Investigational Mitochondrial Agent Shows Early Survival Signal in Glioblastoma
Key Takeaways
- Median overall survival reached 19.3 months in 39 evaluable patients treated with BPM31510 plus chemoradiation, suggesting a potential improvement over historical outcomes with temozolomide and radiotherapy alone.
- MGMT-unmethylated glioblastoma showed the strongest signal, with median overall survival of 29.3 months in 24 patients, contrasting with historical estimates around 12.7–15.5 months.
Adding investigational BPM31510 to standard chemoradiation may boost survival in newly diagnosed glioblastoma, especially MGMT-unmethylated tumors, with promising safety data.

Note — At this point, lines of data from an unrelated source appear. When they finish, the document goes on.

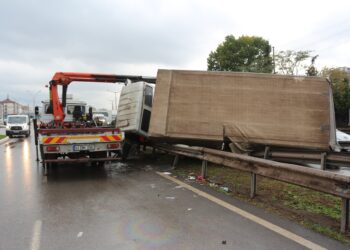 D-100 karayolunda feci kaza: Trafiğe kapandı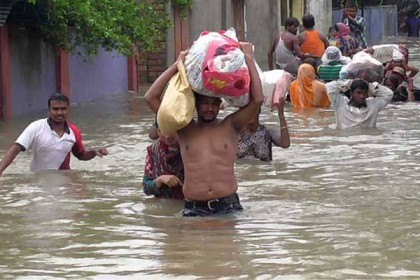 দিনাজপুরে বন্যায় মৃতের সংখ্যা বেড়ে ১৭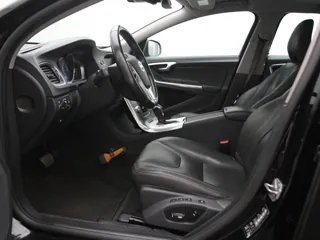 VOLVO V60 R-Design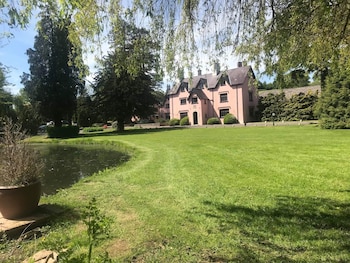 cwrt bleddyn hotel and spa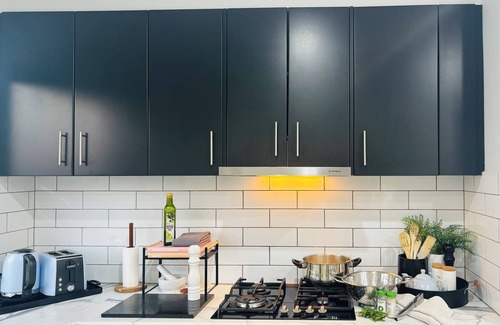 Moana House | U2 at Moana Beach Esplanade Exclusive 2 Bdrm Apt WiFi Spa Pet Friendly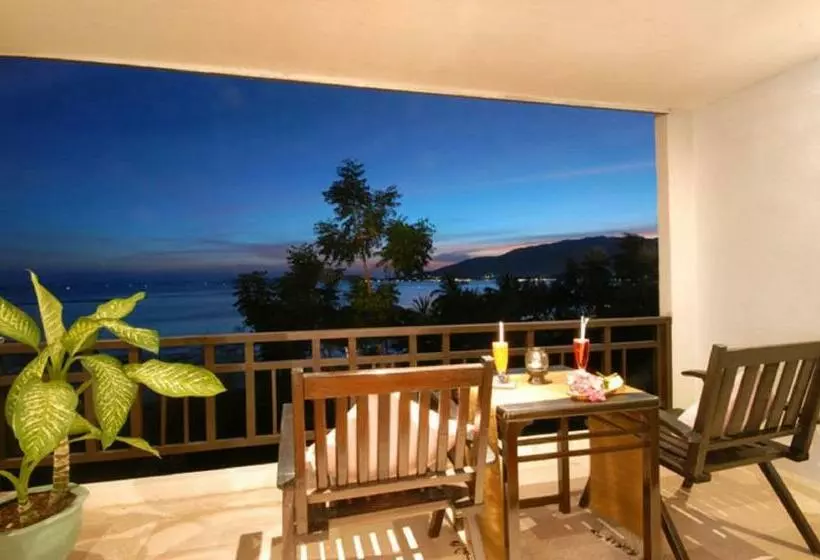 اتاق لوکس با چشم‌انداز دریا, Cinnamon Beach Villas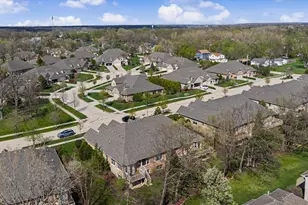735 Woodglen Lane, Lemont, IL 60439 - Photo 34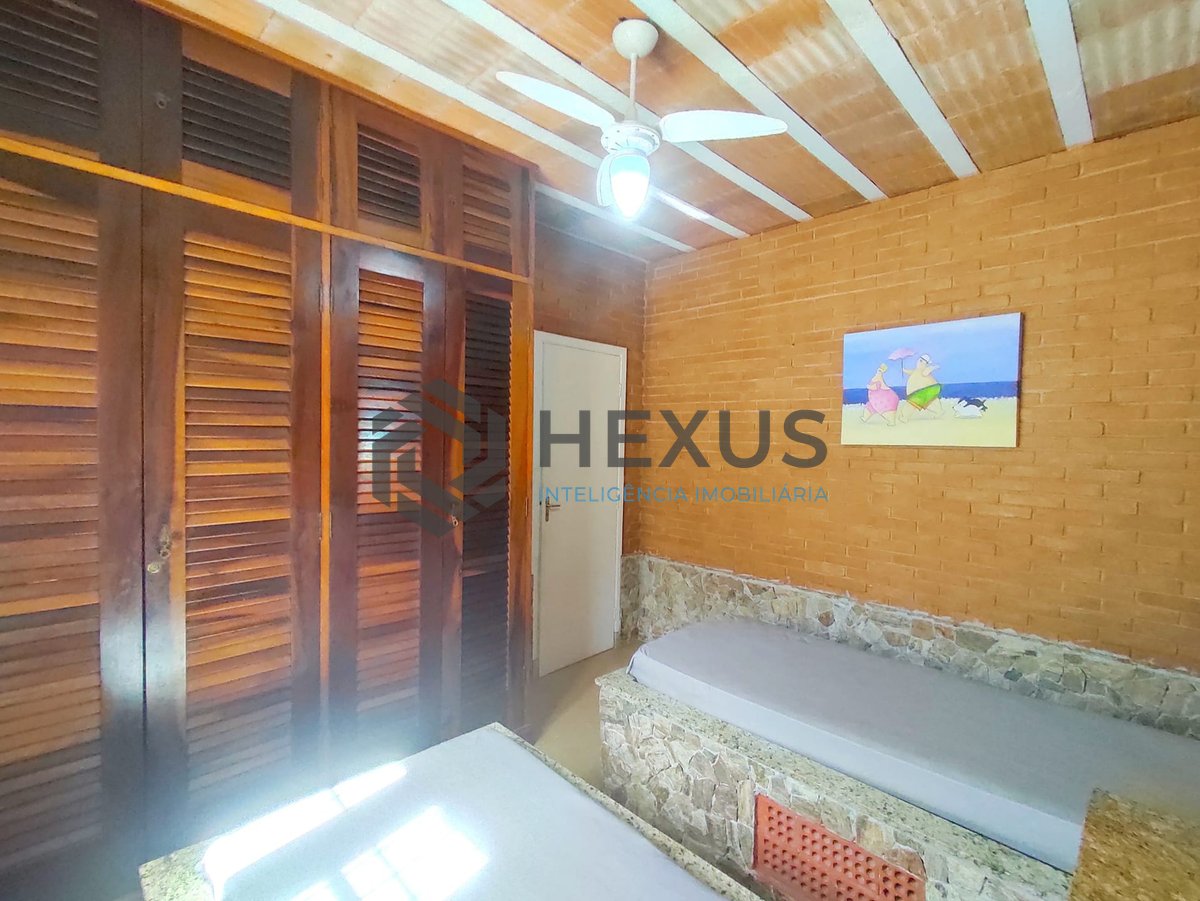 Foto 13 de Casa plana com piscina, área gourmet e edícula a venda na Praia do Guaiuba, Guaruja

Preliminary data from an ongoing phase 2 trial (NCT04752813) suggest that adding the investigational mitochondrial agent BPM31510 to standard chemoradiation may extend overall survival in patients with newly diagnosed glioblastoma, including those with tumors historically associated with the poorest prognosis.1
Among 39 evaluable patients enrolled in the multicenter, single-arm, open-label study, median overall survival was 19.3 months, nearly double published historical benchmarks for patients treated with standard therapy alone. The signal was most pronounced in patients with O6-methylguanine-DNA methyltransferase (MGMT) unmethylated tumors—a subgroup that typically derives limited benefit from temozolomide (Temodar) and radiotherapy. In the 24 unmethylated patients evaluated, median overall survival was 29.3 months, compared with a historical range of 12.7 to 15.5 months. Median overall survival in the MGMT-methylated cohort had not yet been reached at the time of the data cutoff because of ongoing survival among enrolled patients, BPGbio, the sponsor, reported.

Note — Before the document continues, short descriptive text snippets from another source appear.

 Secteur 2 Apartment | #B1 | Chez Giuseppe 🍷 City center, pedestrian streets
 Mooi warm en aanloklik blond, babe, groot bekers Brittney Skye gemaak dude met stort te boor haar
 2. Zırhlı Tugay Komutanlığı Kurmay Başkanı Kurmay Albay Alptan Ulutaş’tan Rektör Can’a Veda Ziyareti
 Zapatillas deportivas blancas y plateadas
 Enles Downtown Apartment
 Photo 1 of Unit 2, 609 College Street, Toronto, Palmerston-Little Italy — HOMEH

The company cautioned that the findings are preliminary, unaudited, and still being collected; a fully audited topline readout is anticipated in fall 2026.

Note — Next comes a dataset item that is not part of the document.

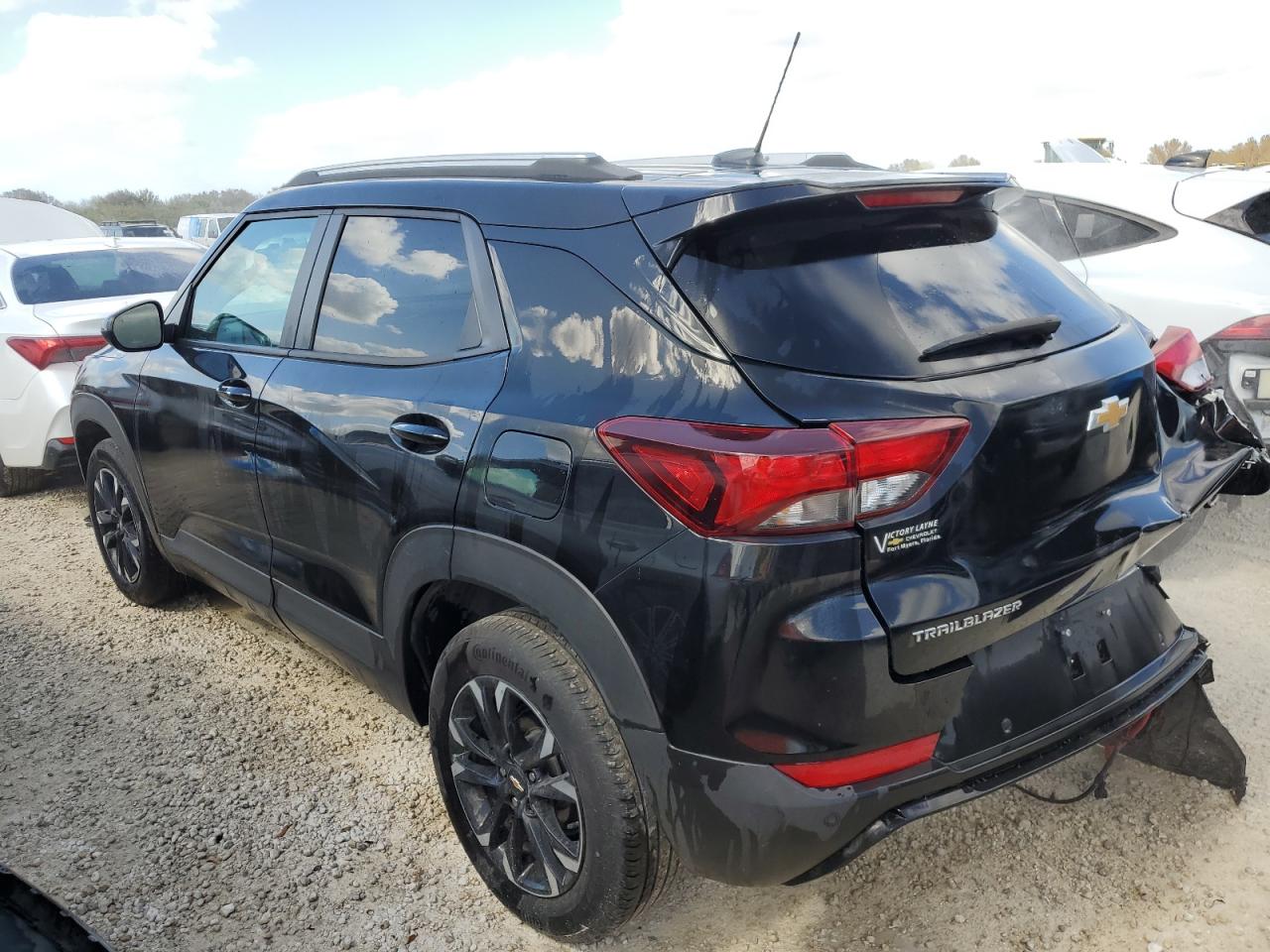 2023 CHEVROLET TRAILBLZR - Image 2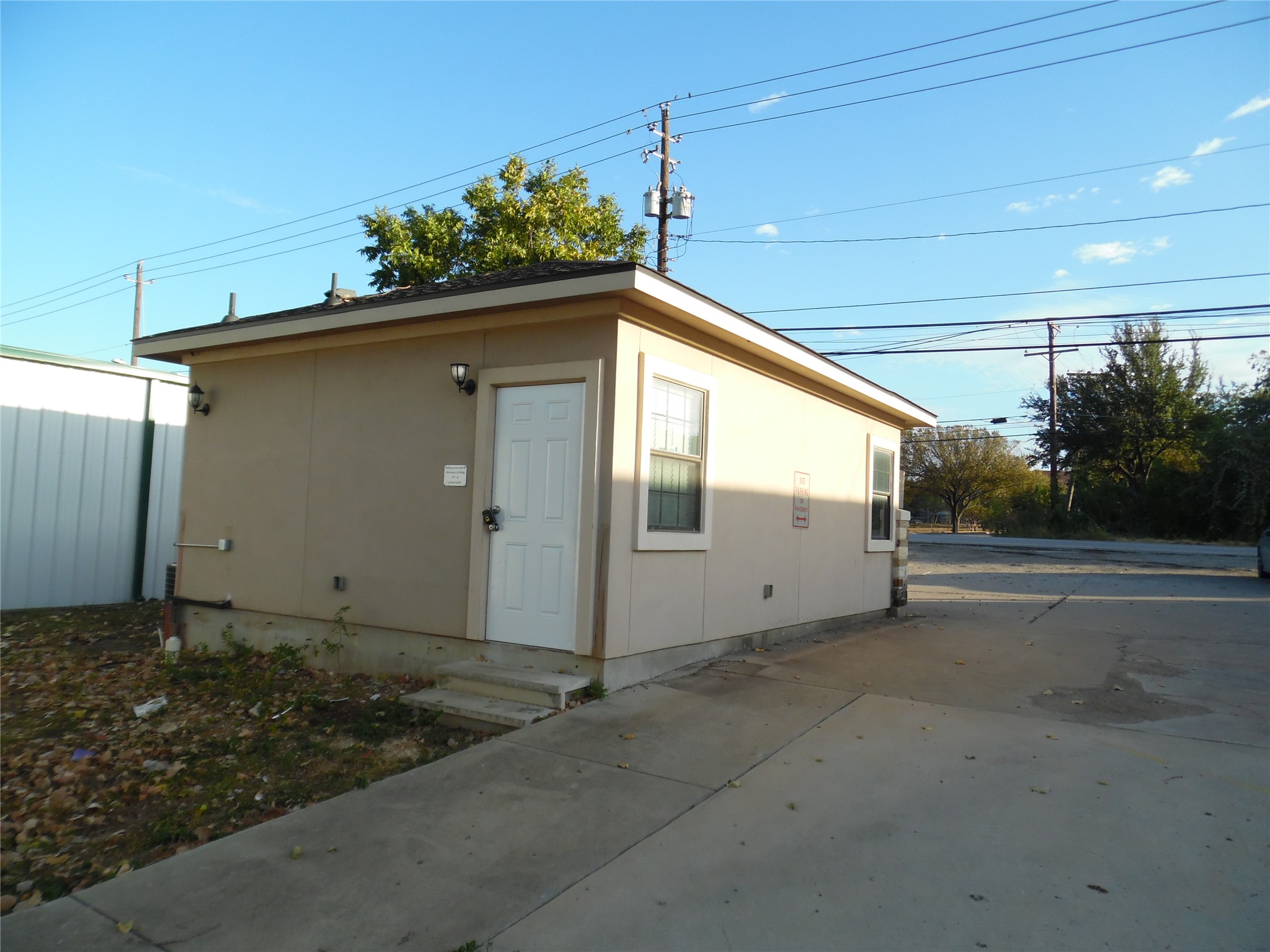 main property photo 3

“As the data continue to mature, we are increasingly encouraged by the preliminary findings emerging from both cohorts, particularly the overall survival trends observed in the cohort with MGMT unmethylated glioblastoma,” said Niven R. Narain, PhD, president and CEO of BPGbio, in a news release. “These findings further reinforce our belief that targeting mitochondrial dysfunction and altered tumor metabolism may represent an important new therapeutic approach for aggressive solid tumors such as [glioblastoma]. We look forward to advancing the program toward topline and final data readout.”
Trial Design
The phase 2 study is evaluating BPM31510, a lipid nanodispersion formulation of oxidized coenzyme Q10 administered with vitamin K1, as a neoadjuvant and concurrent therapy alongside standard-of-care radiotherapy and temozolomide in patients with newly diagnosed glioblastoma who had not received prior treatment.2 The single-arm, open-label study has completed enrollment, with 51 patients enrolled across multiple US cancer centers; primary end points are progression-free survival at 6 and 12 months, with overall survival and safety as secondary end points.
Safety
BPM31510 was reported to be generally well tolerated when combined with standard chemoradiation, with no new drug-related serious adverse events observed among treatment-naive patients in the frontline setting.1 Detailed safety tabulations, including grade distribution and adverse event terms, were not included in the press release and have not yet been published in a peer-reviewed format.
Mechanism and Context
BPM31510 is designed to target dysregulated mitochondrial metabolism in tumor cells, aiming to shift cellular energy production from glycolysis toward oxidative phosphorylation and to restore apoptotic signaling that is often suppressed in glioblastoma. Glioblastoma remains the most common and aggressive primary malignant brain tumor in adults, and outcomes have changed little despite decades of investigation into multimodal treatment approaches. BPM31510 has received orphan drug designation from the FDA for glioblastoma and pancreatic cancer, among other indications.